* Assignment
With both ends included, repeat exactly the lines of the entries below from the one containing "Just fit the" down to the one containing "Welcome everybody, once", and no others.

* Source material
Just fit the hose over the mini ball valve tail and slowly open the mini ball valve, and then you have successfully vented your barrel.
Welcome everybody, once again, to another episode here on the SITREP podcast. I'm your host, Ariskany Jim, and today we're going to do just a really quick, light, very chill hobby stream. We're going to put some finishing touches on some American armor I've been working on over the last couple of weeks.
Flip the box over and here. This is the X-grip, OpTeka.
--
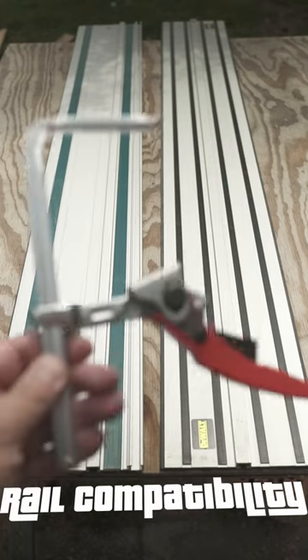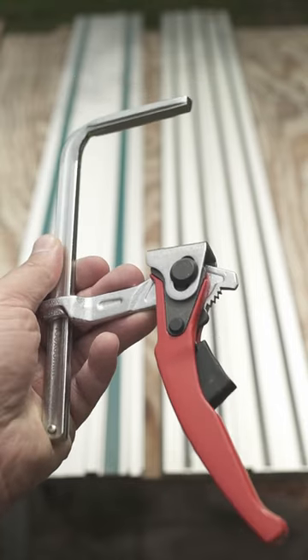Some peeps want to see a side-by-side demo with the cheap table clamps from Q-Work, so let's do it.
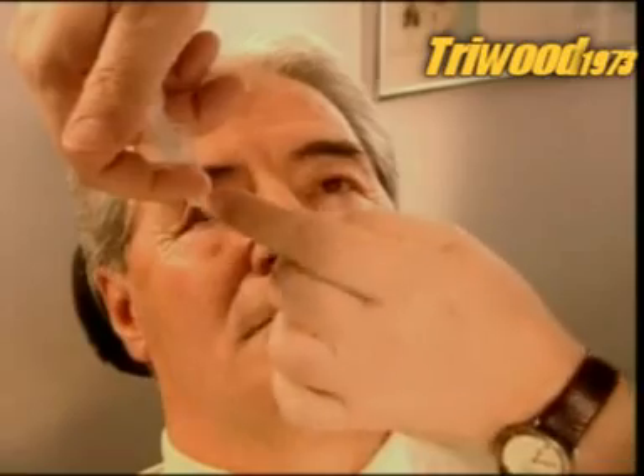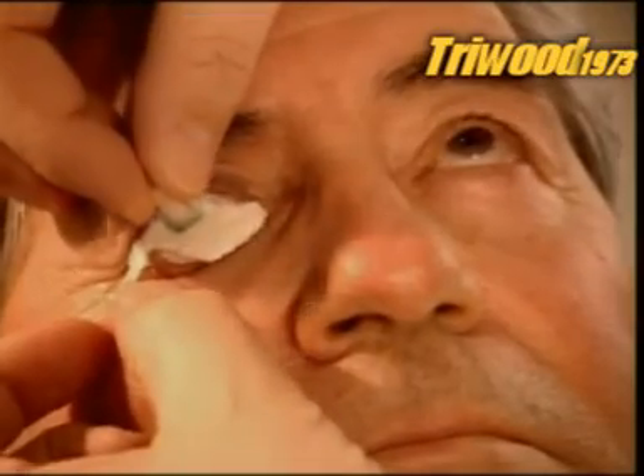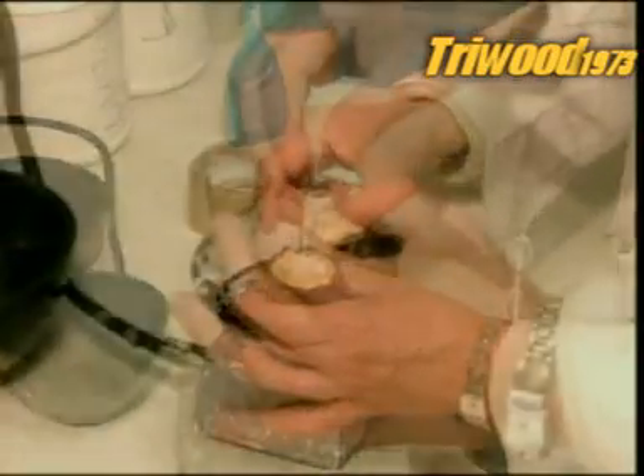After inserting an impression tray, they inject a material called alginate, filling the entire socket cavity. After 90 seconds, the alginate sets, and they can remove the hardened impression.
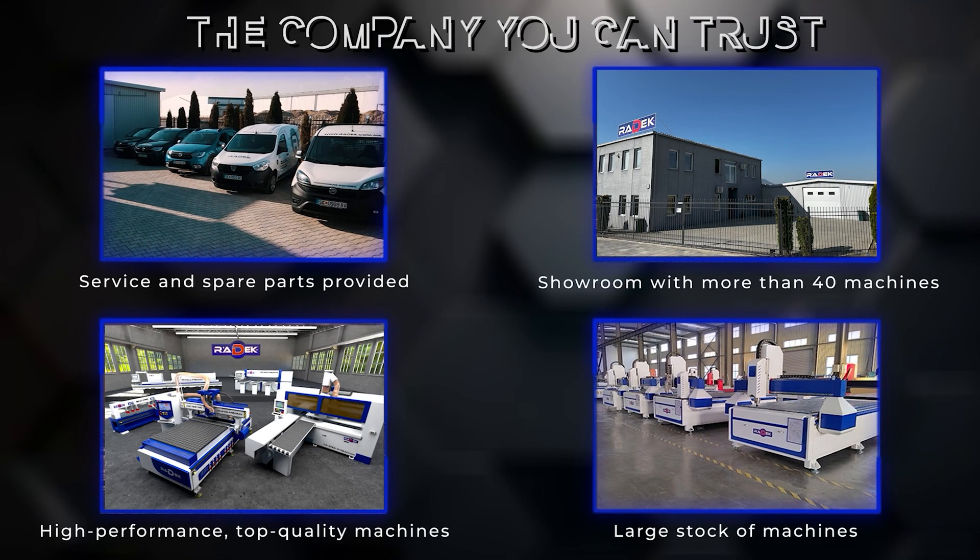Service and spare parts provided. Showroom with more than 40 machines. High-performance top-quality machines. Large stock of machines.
--
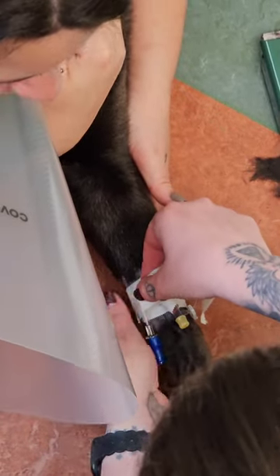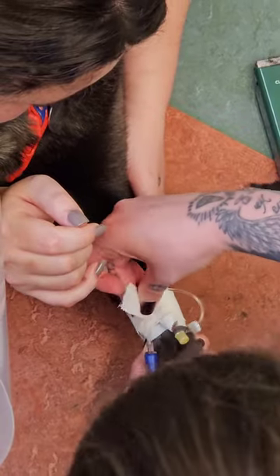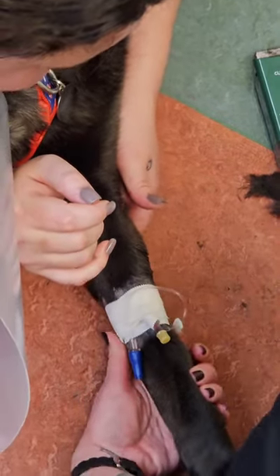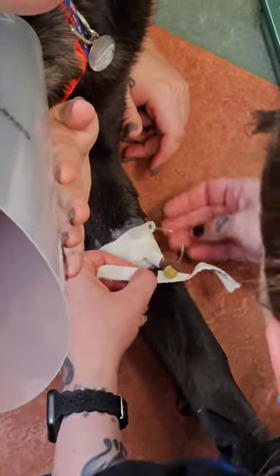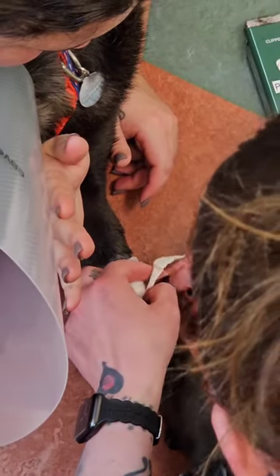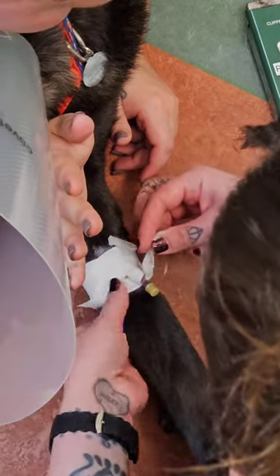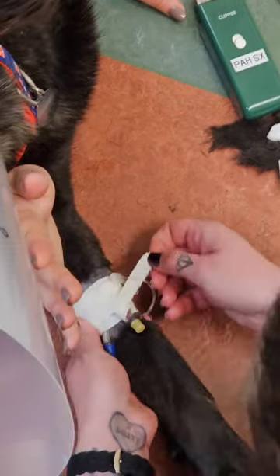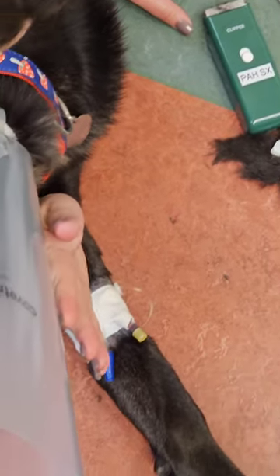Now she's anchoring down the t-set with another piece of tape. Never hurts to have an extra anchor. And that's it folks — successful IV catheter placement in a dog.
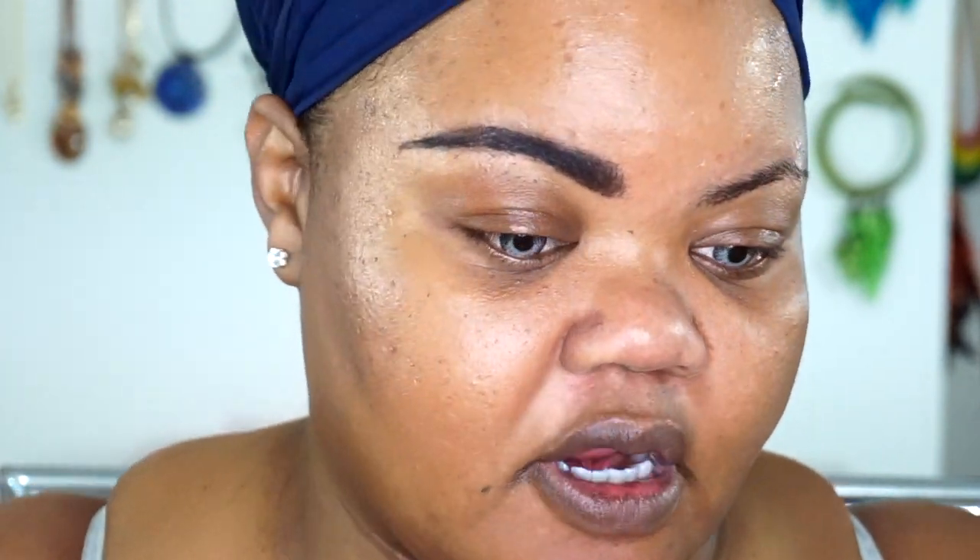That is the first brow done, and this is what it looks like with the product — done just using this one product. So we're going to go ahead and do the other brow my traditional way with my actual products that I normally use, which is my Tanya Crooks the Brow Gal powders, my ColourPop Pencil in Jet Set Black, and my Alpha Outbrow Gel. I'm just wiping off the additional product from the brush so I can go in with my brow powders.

* Completed task
Just fit the hose over the mini ball valve tail and slowly open the mini ball valve, and then you have successfully vented your barrel.
Welcome everybody, once again, to another episode here on the SITREP podcast. I'm your host, Ariskany Jim, and today we're going to do just a really quick, light, very chill hobby stream. We're going to put some finishing touches on some American armor I've been working on over the last couple of weeks.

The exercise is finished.